As GOP presidential candidates and conservative lawmakers tweeted their prayers after the shooting, Igor Volsky, a contributing editor at the liberal website ThinkProgress, started tweeting back how much each had received in campaign contributions from the National Rifle Association, which opposes tighter gun laws.
Volsky said that his Twitter campaign stemmed from frustration with those who "routinely talk about all the thoughts and prayers they're going to send to victims, and yet they do nothing time and time again in terms of actually reducing these things from happening."
The hashtag #thoughtsandprayers quickly was adopted by those venting frustration with the prayerful sentiments offered by those opposed to congressional action on gun legislation.

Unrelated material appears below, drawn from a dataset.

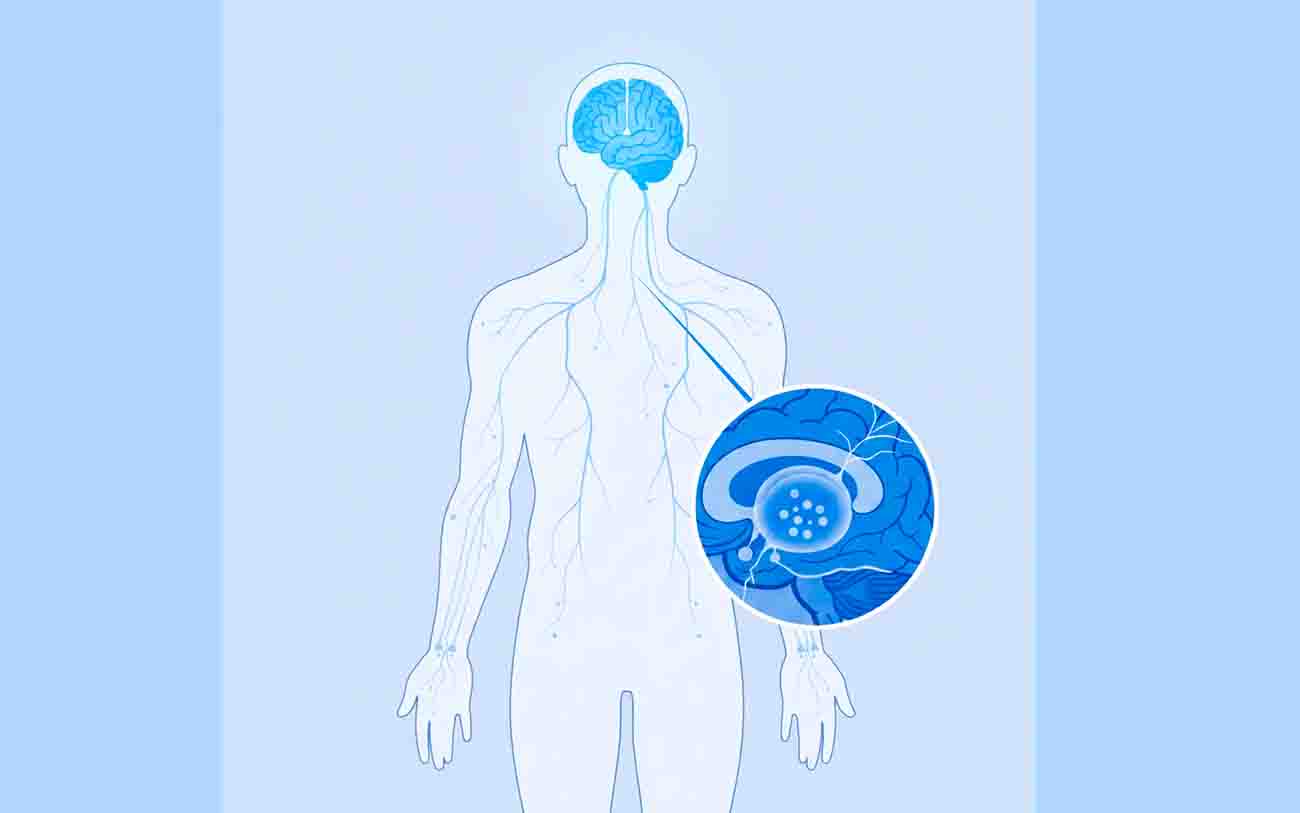 بیماری-پارکینسون بیماری-پارکینسون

The New York Daily News expressed the same idea on its front page with the blaring headline: "God Isn't Fixing This" coupled with images of tweets about prayers from GOP candidates Ted Cruz, Rand Paul and Lindsey Graham and House Speaker Paul Ryan.
Soon came a backlash from those arguing that gun-control advocates were sneering at deeply felt prayers.
Paul tweeted that the newspaper's cover was "deplorable. Genuine thoughts and prayers are not political fodder."